The Lefty Fencer is also known as the Female Sazen, after Tange Sazen, the male one-eyed one-armed hero of many, many films from the silent era onward.
The earlier installment in this two-film series was called The One-Eyed One-Armed Swordswoman (Onna Sazen. 1968) & gave the origin of the character.
She was the survivor of a massacre by an evil lord who wanted to obtain a rare sword in the samurai family's possession.
The little girl, left for dead, survives in spite of the loss of an eye & an arm. She's raised & trained by an aging retainer in order to pursue kataki-uchi, vengeance, when she is grown. This sort of theme generally overshadows the minor asides about swordswomen wanting "women's happiness."
One-Eyed One-Armed Swordswoman & The Lefty Fencer taken together tell the whole story. Neither of these films quite stands on its own, but are quite impressive as a single entity. No doubt a longer series of films was intended but box-office was insufficient to make further installments, but these two are complete in themselves.
The portrayal of the female Tange Sazen is a curious mixture of believability & unlikelihood. Since the "bakemono-onna" or monster-woman is clearly very beautiful despite her scarred eye & missing arm, it is understandable that a samurai would be impressed & fall in love with her.

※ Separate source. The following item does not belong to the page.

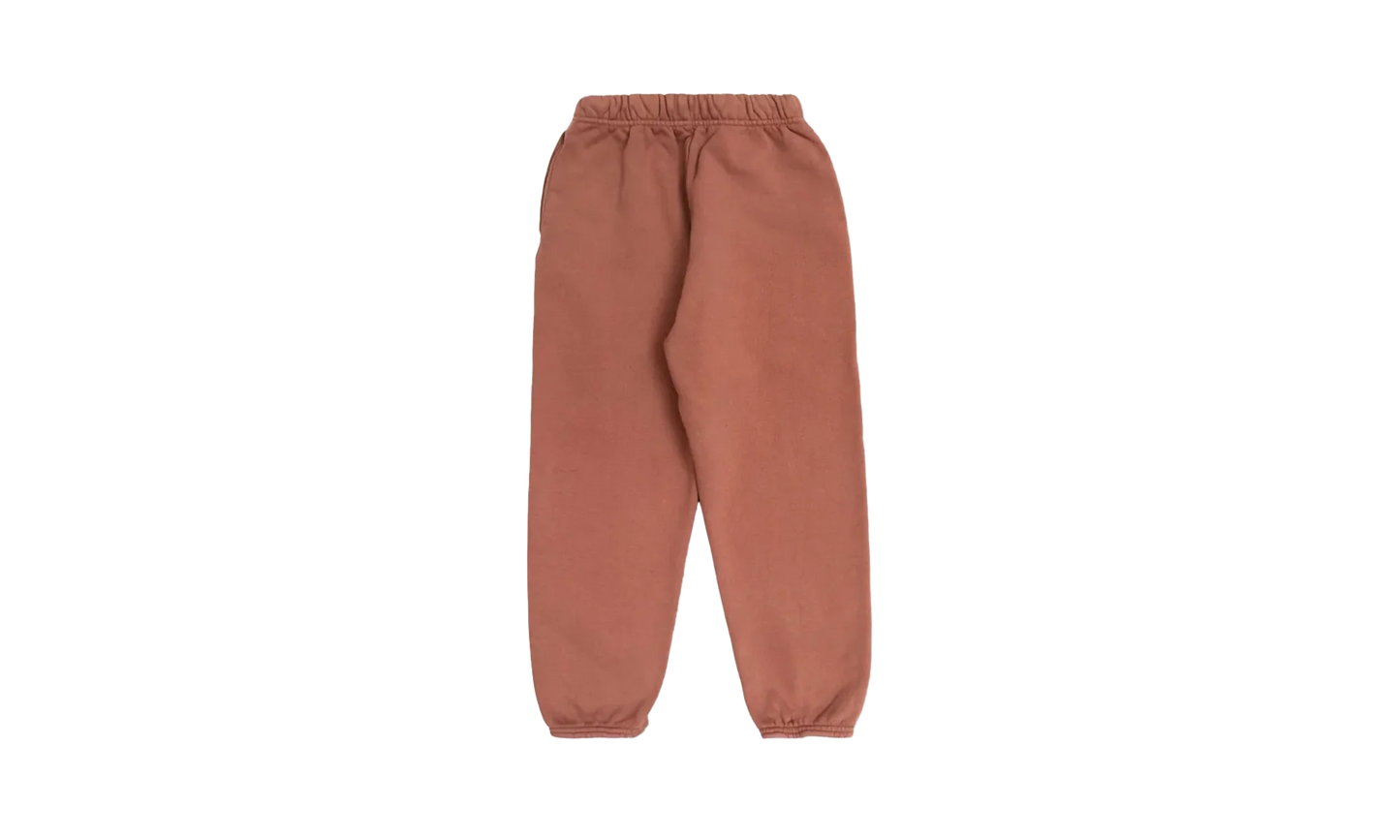 Heavy Fleece Sweatpant Crimson GS "Crimson" 785BT243406K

All the same, the director felt it necessary to feminize the character by having her clad in late-Tokugawa period restrictive clothing, reminiscent of The Crimson Bat films. These costumes made her fight scenes occasionally unbelievable.
On the other hand, she speaks mostly in the masculine forms of Japan's dichotomized language, sounding more like a gruff samurai from a kabuki play than a sweet girl. It's unclear what the director thought the character should be, if even the director knew. But one thing's certain: Michiyo Yasuda ought to have become more famous & her films more easily accessible!
Director Kimiyoshi Yasuda wasn't the first to tell the story of a female version of Tange Sazen, & to a degree the Lefty Fencer film pair is a remake of Nobuo Nakayama's Onna Sazen: Yoko no maki (Female Sazen: Story of Bewitching Fire, 1937) & Onna Sazen: Masho ken no maki (Female Sazen: Story of a Devilish Sword, 1937), starring Komako Hara as the lefty fencer.
These alas I've never had an opportunity to see, & am uncertain if they even survive. The character was reprised in Taizo Fuyushima's Onna Sazen: Tsubanari muto ryu no maki (1950).